• EXERCISE DIRECTIONS: Please write out all of the entries beneath this line exactly, skipping the pictures.

• SOURCE DATA:
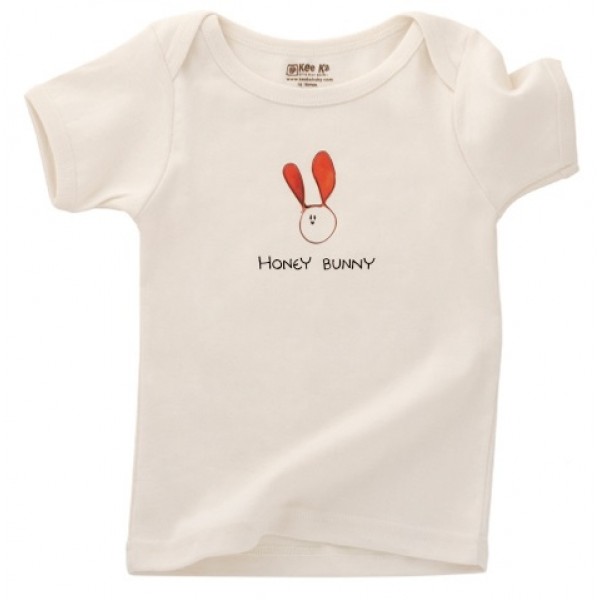 Organic Cotton S/S Lap T-Shirt - Honey Bunny (18-24M) - Kee-Ka - BabyOnline HK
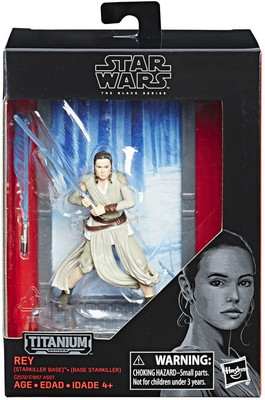 

Star Wars The Black Series Die Cast Figure Rey(Multicolor)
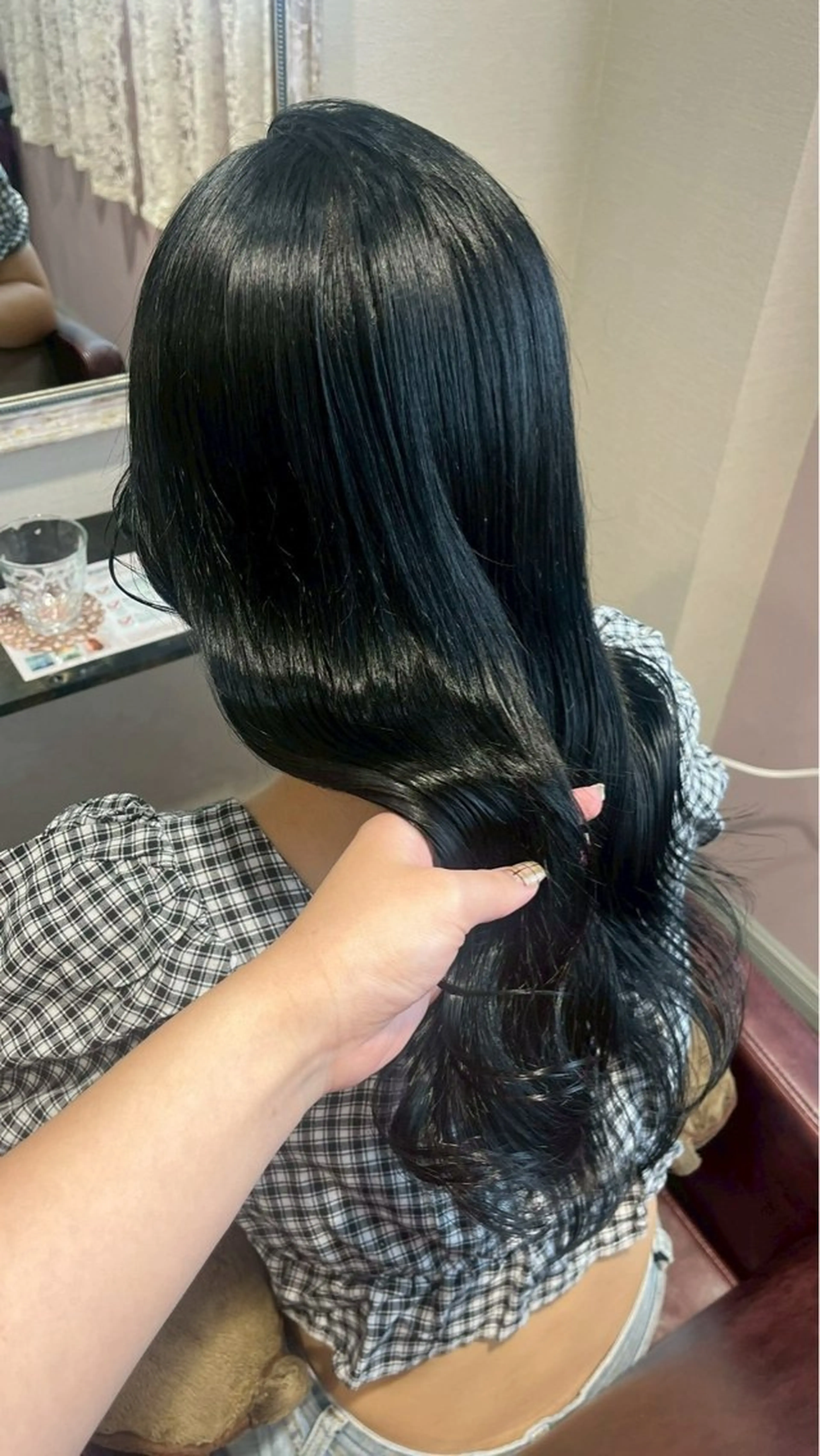 ロング カラー カット ヘアカラー トリートメント ブリーチなし艶カラー /いくののヘアスタイル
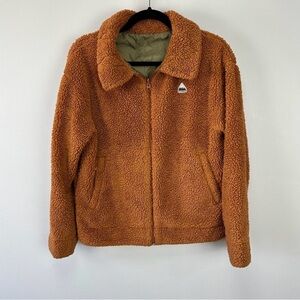 Burton Lynx Fleece Sherpa Reversible Jacket Coat-Sm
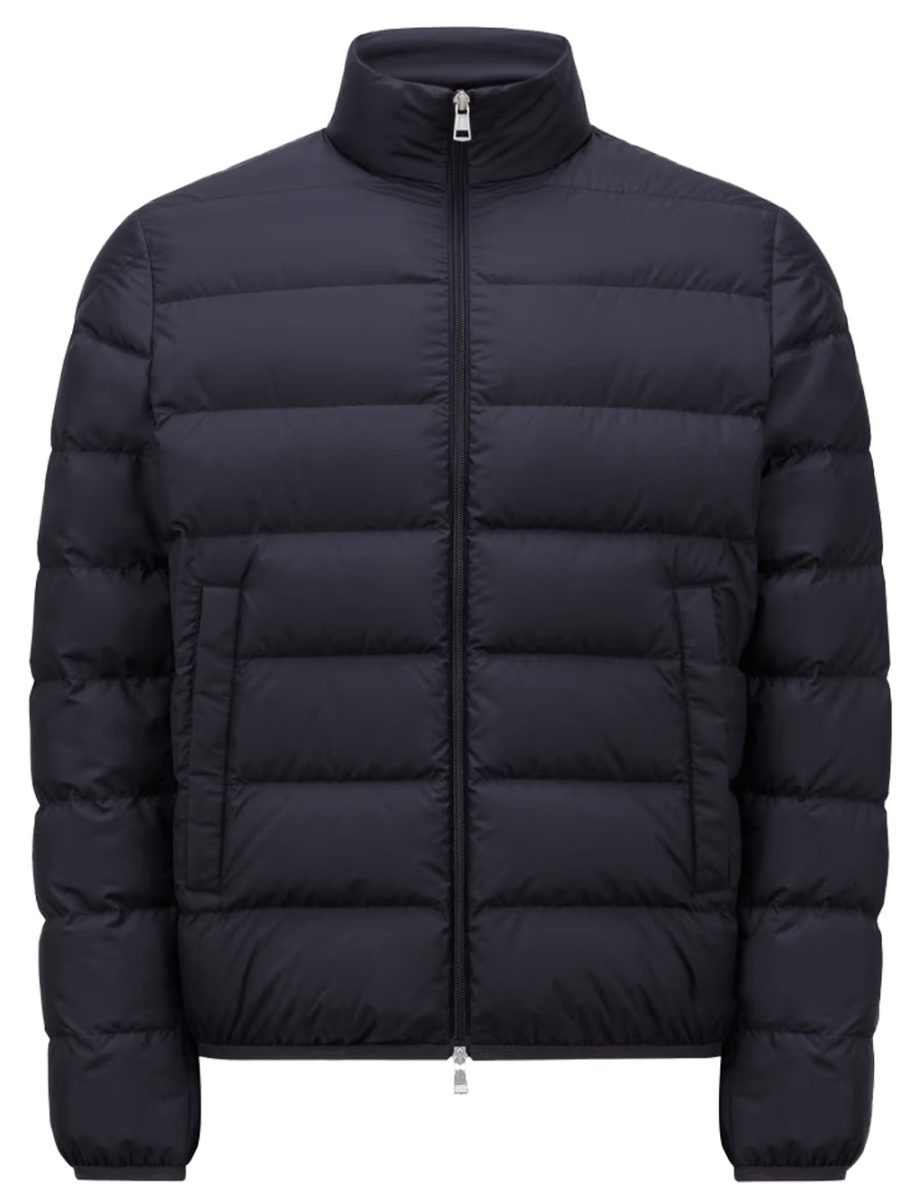 MONCLER Baudinet Mock Neck Down Jacket Navy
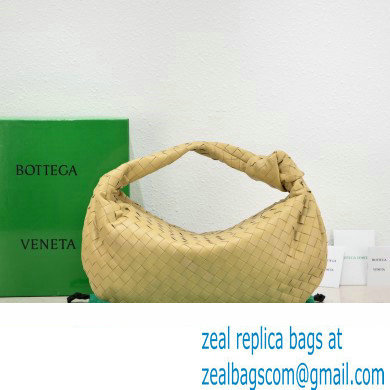 Bottega Veneta intrecciato leather small jodie shoulder bag beige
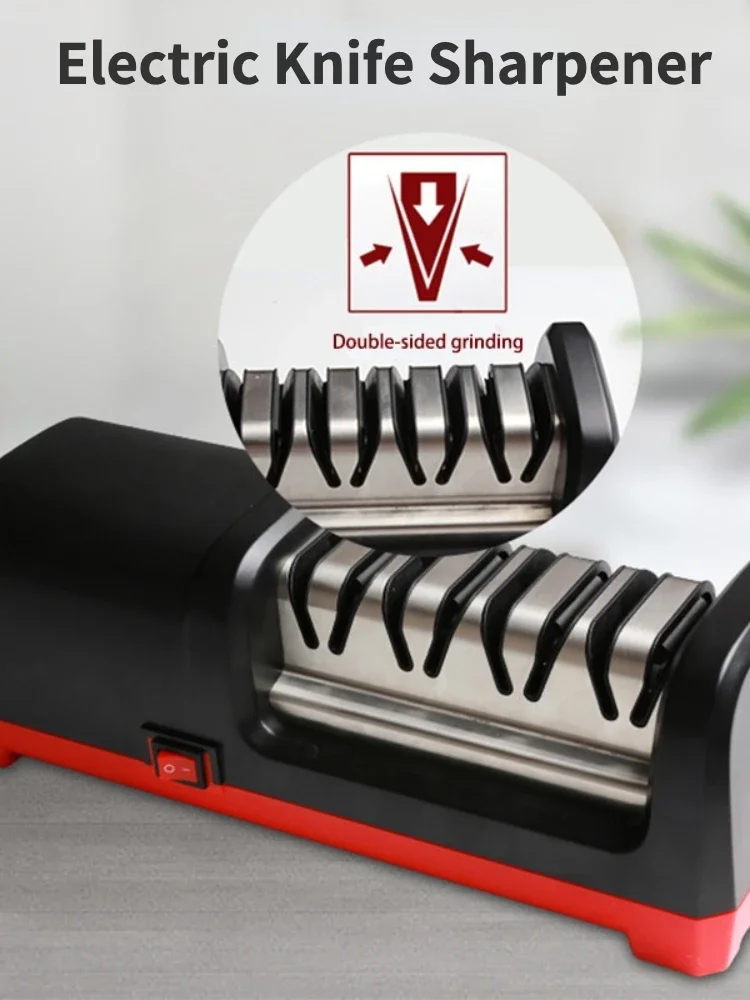 TAIDEA Top Level TG2102 Electric Diamond Steel Sharpener With 4 Slot For Kitchen Ceramic Knife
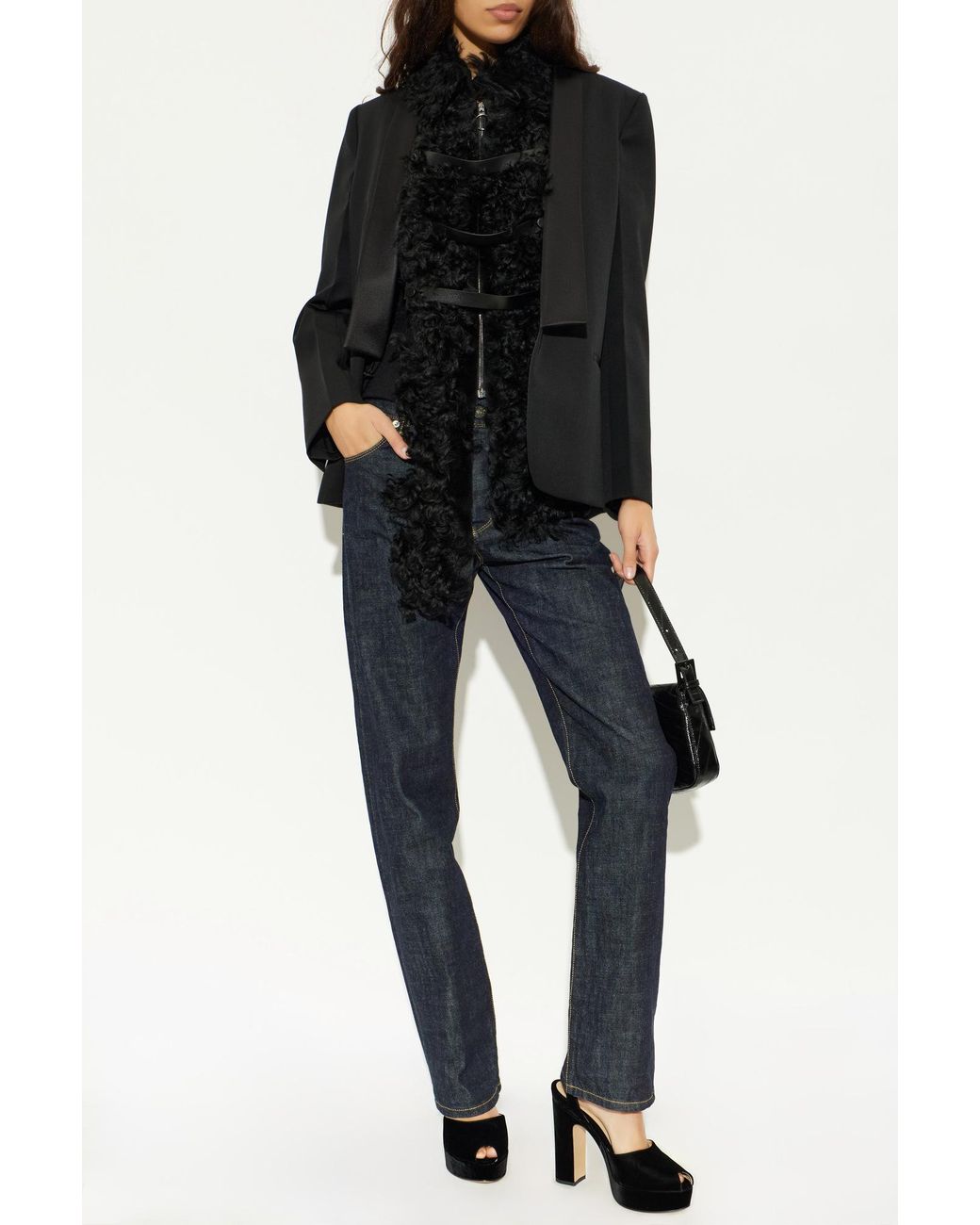 Fendi Black Wool Blazer With Pockets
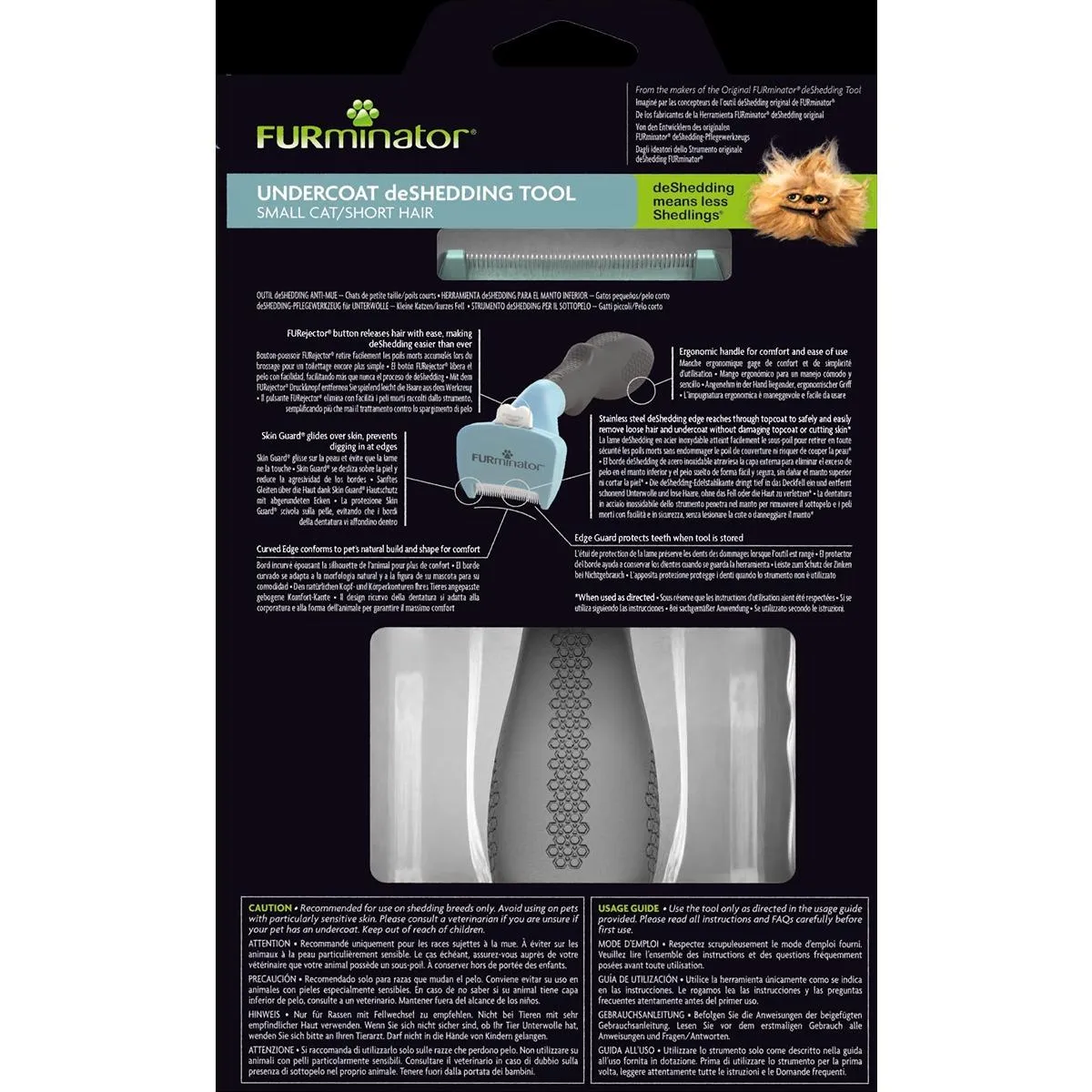 FURminator Short Hair deShedding Tool for Cats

• RESPONSE FOR THIS EXERCISE:
 Organic Cotton S/S Lap T-Shirt - Honey Bunny (18-24M) - Kee-Ka - BabyOnline HK

Star Wars The Black Series Die Cast Figure Rey(Multicolor)
 ロング カラー カット ヘアカラー トリートメント ブリーチなし艶カラー /いくののヘアスタイル
 Burton Lynx Fleece Sherpa Reversible Jacket Coat-Sm
 MONCLER Baudinet Mock Neck Down Jacket Navy
 Bottega Veneta intrecciato leather small jodie shoulder bag beige
 TAIDEA Top Level TG2102 Electric Diamond Steel Sharpener With 4 Slot For Kitchen Ceramic Knife
 Fendi Black Wool Blazer With Pockets
 FURminator Short Hair deShedding Tool for Cats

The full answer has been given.